Short web captions
^^^^^^^^
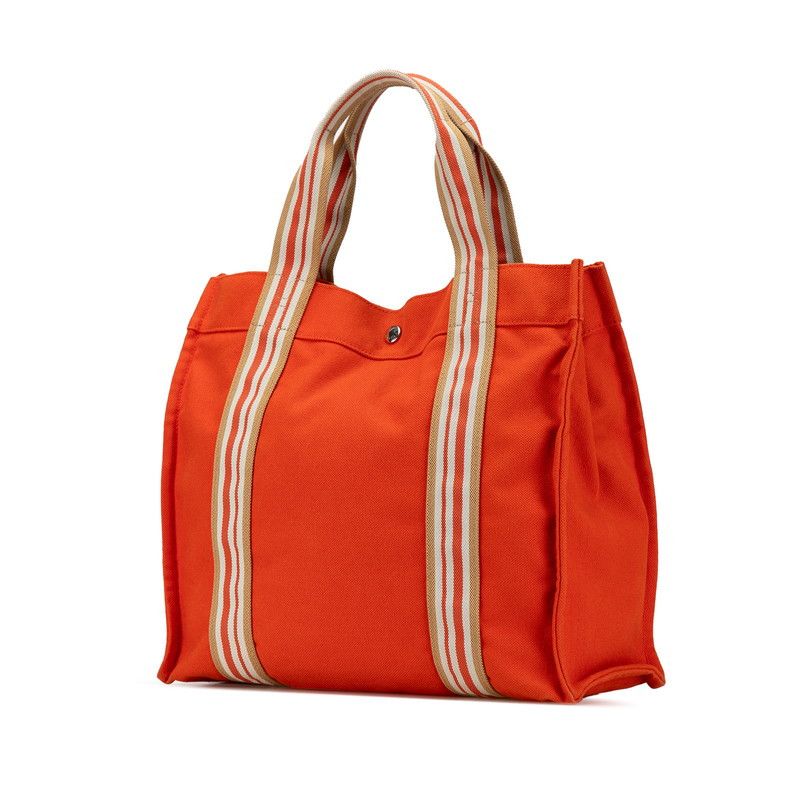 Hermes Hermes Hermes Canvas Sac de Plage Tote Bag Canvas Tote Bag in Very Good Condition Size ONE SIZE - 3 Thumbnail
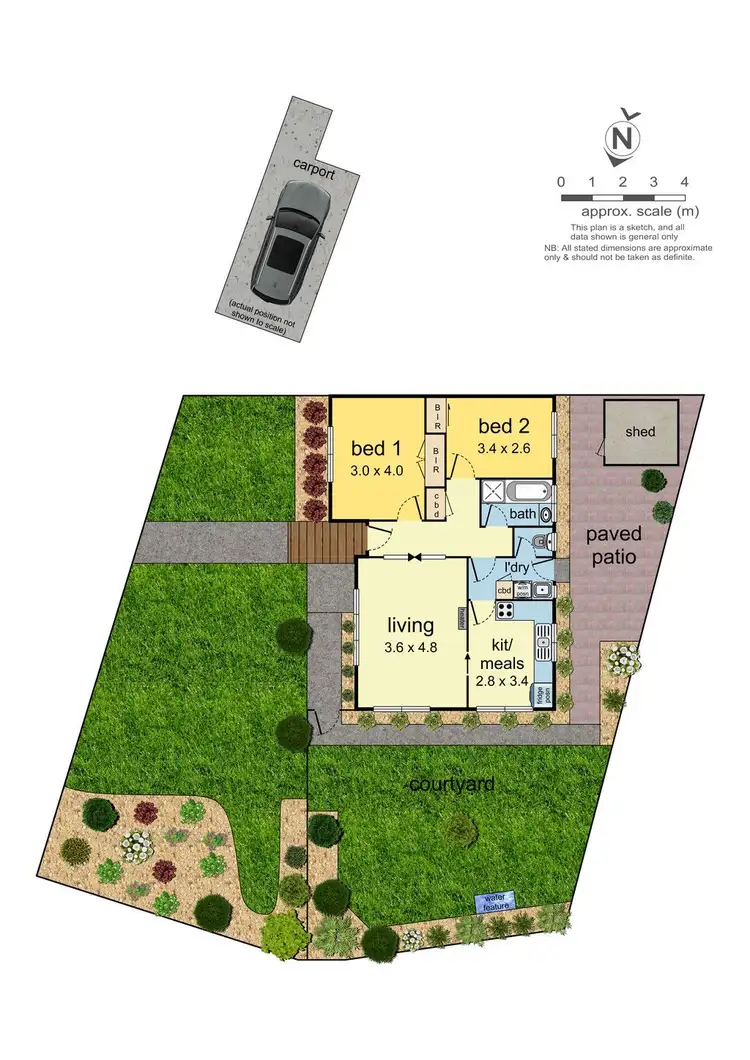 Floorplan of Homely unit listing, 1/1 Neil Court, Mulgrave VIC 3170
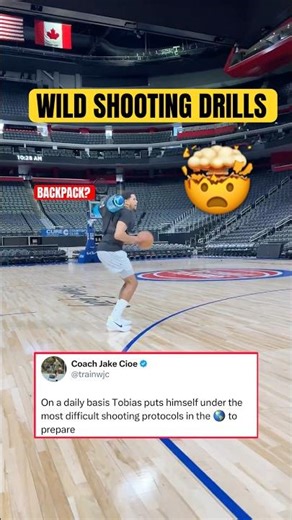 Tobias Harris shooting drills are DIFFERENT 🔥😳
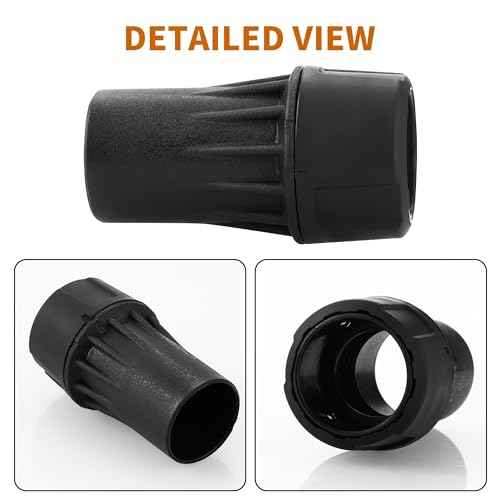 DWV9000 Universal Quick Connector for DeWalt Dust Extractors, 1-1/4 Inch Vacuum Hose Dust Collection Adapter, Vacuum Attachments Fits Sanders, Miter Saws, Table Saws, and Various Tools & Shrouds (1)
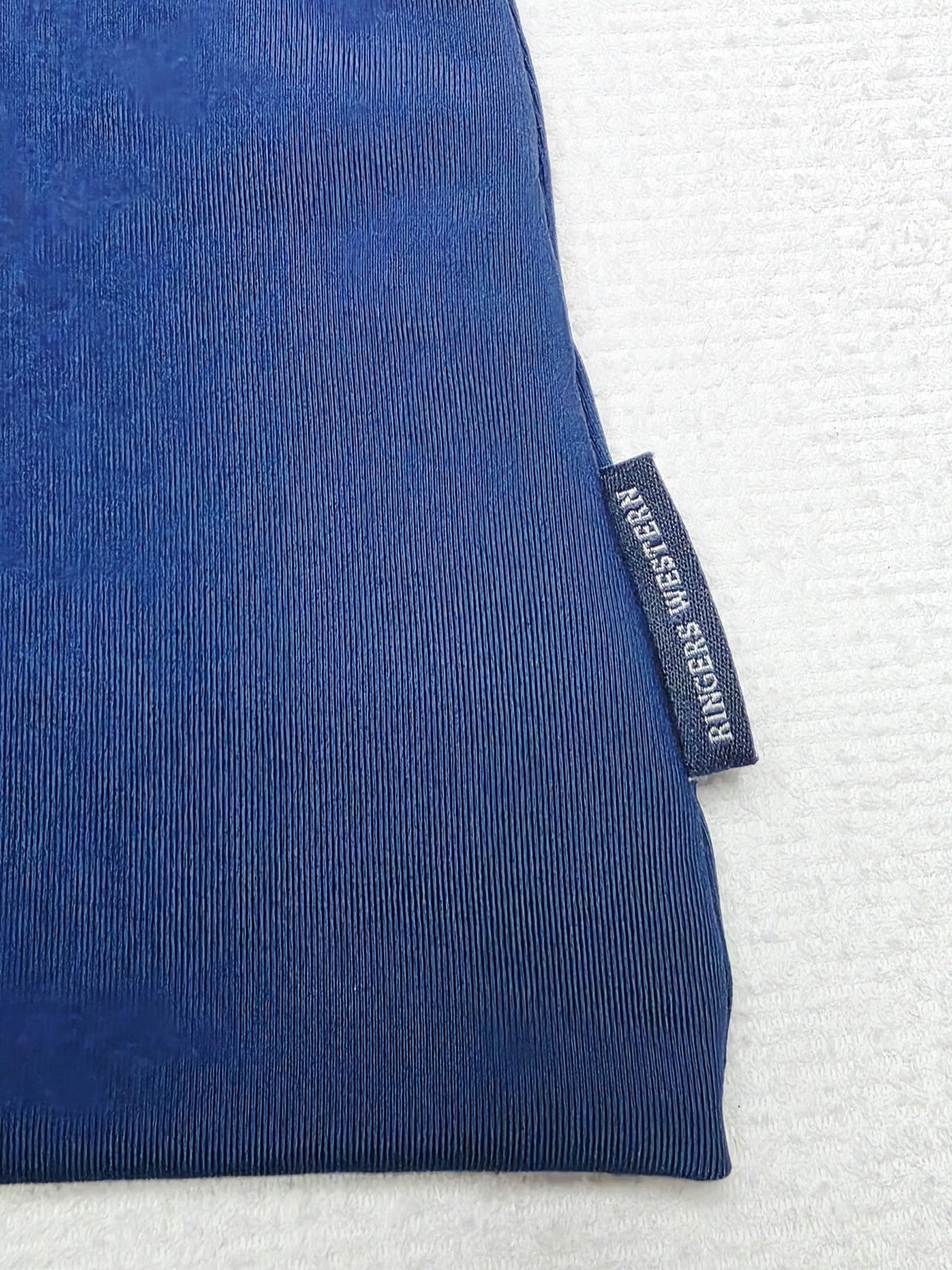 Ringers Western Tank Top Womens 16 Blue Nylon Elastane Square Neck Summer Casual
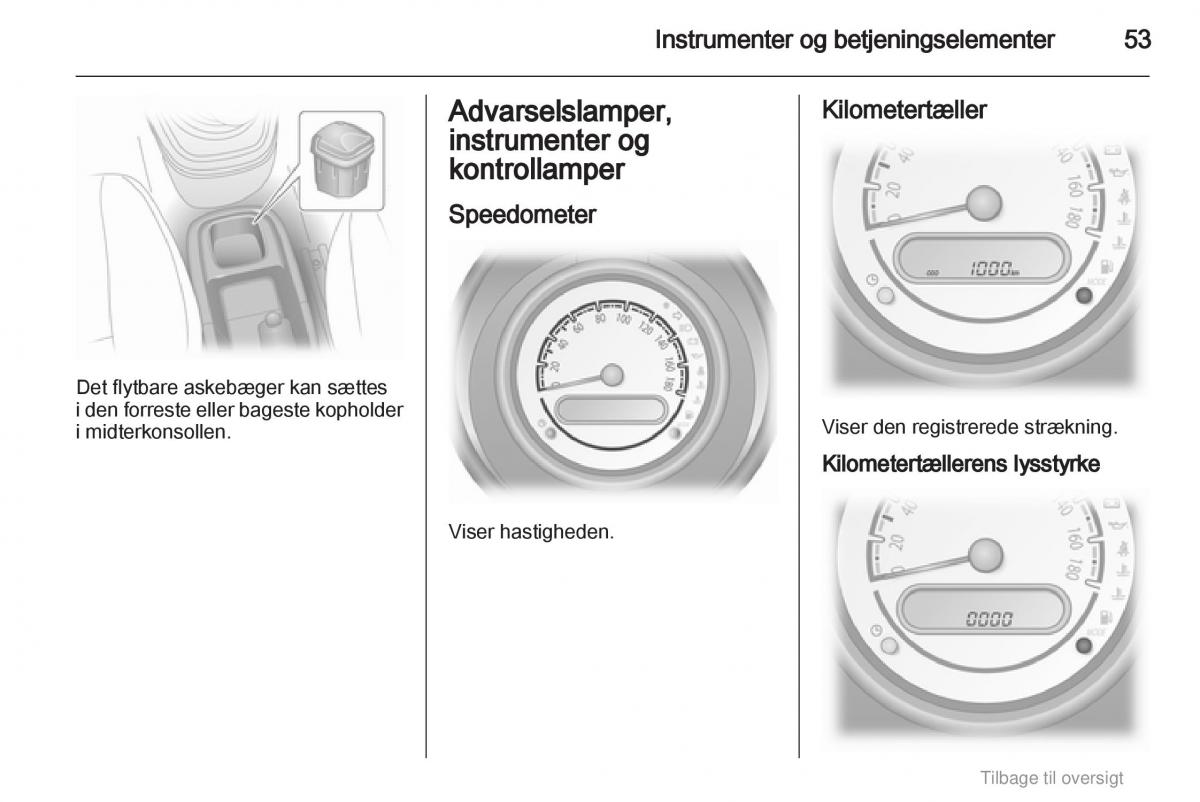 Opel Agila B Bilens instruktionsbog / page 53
^^^^^^^^
**Work item**. What do the entries above read from the line containing "DWV9000 Universal Quick" through the line containing "Ringers Western Tank"? Output those lines exactly, both ends included, with the pictures left out.

**Answer box**.
 DWV9000 Universal Quick Connector for DeWalt Dust Extractors, 1-1/4 Inch Vacuum Hose Dust Collection Adapter, Vacuum Attachments Fits Sanders, Miter Saws, Table Saws, and Various Tools & Shrouds (1)
 Ringers Western Tank Top Womens 16 Blue Nylon Elastane Square Neck Summer Casual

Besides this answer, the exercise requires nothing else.